I figured I would take this time to introduce you to our partner families.
Anne is a widow who lost her husband some years back. She currently takes care of her six children, ranging in age from 4 – 16. Anne engages in farming to earn a living and support her family.
Anne lives in a dilapidated house with one broken window. The house is built with unburnt bricks (made with just dirt and water) and a thatched grass roof. The house leaks heavily during the rainy season. In her own words Anne says “I’m not happy at all that my family does not stay together because of the size of my house, much more to continually use our neighbor’s latrine is not healthy but what can we do?”
On sanitation, the family does not have a latrine since theirs fell as such they now use the neighbor’s latrine, which threatens the health of the family.
Pelepetuwa is a 32-year old widow raising her five children. The children lost their father a while ago and thus Pelepetuwa has the responsibility to look after them all by herself. Pelepetuwa and one of her children are HIV positive.
In terms of shelter, the family’s house collapsed due to heavy rains and so they are being accommodated at Pelepetuwa’s oldest daughter’s house who has her own family; 3 children making it a total of 10 occupants in the house. The sister’s house is a small single-room house, built with unburnt bricks, a dirt floor, no windows and with very poor ventilation and one can only imagine having that many people in a house like that.
The family usually suffers from Malaria because they don’t have mosquito nets. They sometimes suffer from diarrhea especially during rainy season because they have a toilet which is in bad state.
The remainder of our travel was uneventful. Malawi now requires and $75 visa upon arrival. The process of paying for and acquiring the visa was extraordinarily slow. The goods news, all 17 of us were allowed into Malawi.
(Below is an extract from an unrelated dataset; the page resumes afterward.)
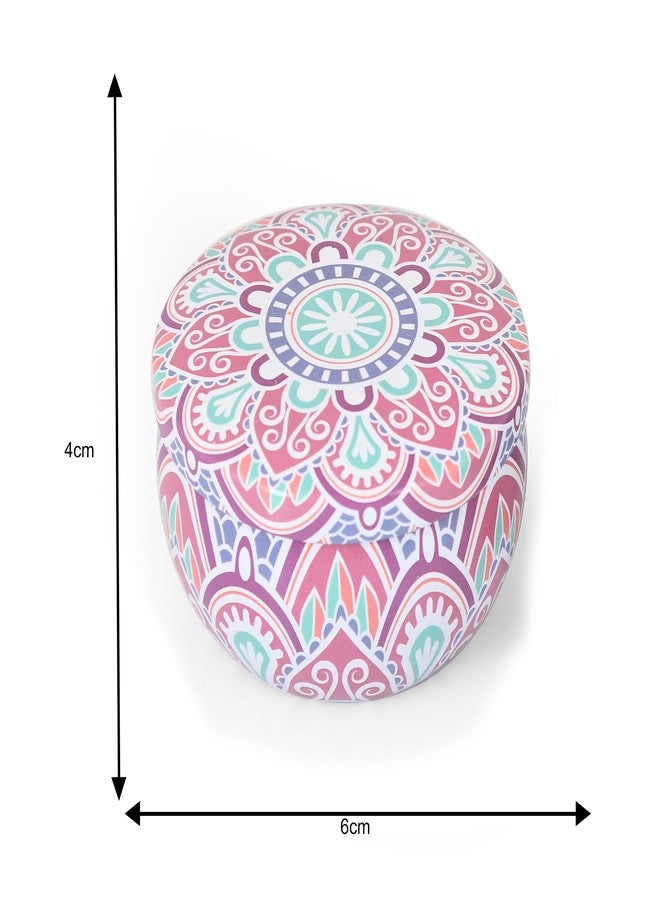 كرافت فاتيكا مجموعة شموع معطرة من كرافت فاتيكا (قطعتان) - علبة شموع معطرة هدية للنساء والرجال، مجموعة شموع للعلاج بالروائح، علبة معدنية مطبوعة صديقة للبيئة - شموع لتزيين المنزل، زينة ديوالي للمنزل - Image 3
We are staying at the Kuka Executive Lodge, a comfortable moderate hotel. Consensus was we all had a good night’s sleep after the very long day(s) of travel. Door to door for us was roughly 30 hours. A few on our team were upwards of 40 hours. After being cooped up on a plane for so many hours our group took a long walk to a local grocery market to purchase a few comfort items (diet coke/chocolate). Two of our team members were able to experience a local form of transportation on the way home. Bicycle Taxi!
We had a lovely dinner at a local Indian/ Continental restaurant. Kevin and I were able to reconnect with Calvin and Amos, the operations manager and National Director respectively, of Habitat Malawi (HFHM). It felt comforting to meet up with what felt like old friends. We were updated on projects, opportunities and challenges currently ongoing with HFHM. Projects we heard about on our last trip have now gained momentum and are being implemented in country. Most notable is the Disaster Risk Reduction project in partnership with the Red Cross. Recurring natural disasters are a fact of life here in Malawi. Helping citizens to prepare and recover from disaster as a community is essential to their national well being.
Much of our team is currently at church. When they return, we will travel to Salima for a day of R&R and will begin our work early Monday morning.